As the reader confronts past horrors and present truths as well as the speaker’s personal ones (an abused mother, a shell-shocked father), it becomes apparent that the paradise sought–not in the hereafter but in the here and now-lies just beyond reach. It all ends, suggest these verses, with the understanding that behind everything we find nothing more divine than the human.
“As he does in Frescoes and Masaccio’s Expulson, Stephen Gibson mines the richest world we know, that of Renaissance giants who gave us so much beauty, so much pain. Like theirs, Gibson’s work is both luscious and rueful, and when I read these poems, each as carefully wrought as a goldsmith’s tray or bracelet, suddenly I feel deeply and happily human.”
—David Kirby, author of The House on Boulevard St.
“Every glimpse of paradise must be paid for by a visit to hell, or that’s what Stephen Gibson seems to be saying in Paradise. St. Catherine and a blonde junkie inhabit the same poem and the same world. A café in Venice cannot help you hide from the grim face of war, the current conflagrations and ones that have left their scars on the past. Italy is where this books starts with its images of the Virgin and the saints, but even in the glories of art there are shots of sex and murder. And this impulse finds its apotheosis in Gibson’s series of ghazals that take an unwavering look at NYC crime scene photos, the paradise of ordinary life cut short by guns or gas or fists. It is this madness that is his real subject. How do we live with the monsters inside us even in this paradise of beauty that is our world?”
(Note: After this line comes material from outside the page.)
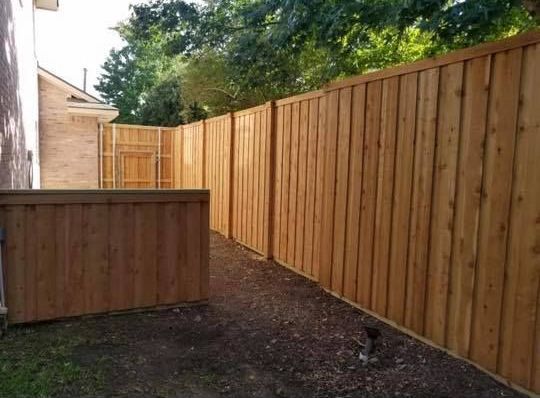 There is a wooden fence in the backyard of a house.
—Barbara Hamby, author of Babel and All-Night Lingo Tango
“Paradise is all that it advertises and more. Against a backdrop of urbane Italian tableaux, artistic masterpieces, and crime scene photographs, these narratives are by turns ecstatic, infernal and purgatorial, all in service of a book-length musée de beaux arts that would have dazzled Auden. A master of surprising and unforgettable juxtaposition, Gibson invokes myth, history and the crises of the moment to reveal both ‘the anonymous connection to all damage’ and the necessity of empathy. His combination of poise and urgency is a rare and precious achievement.”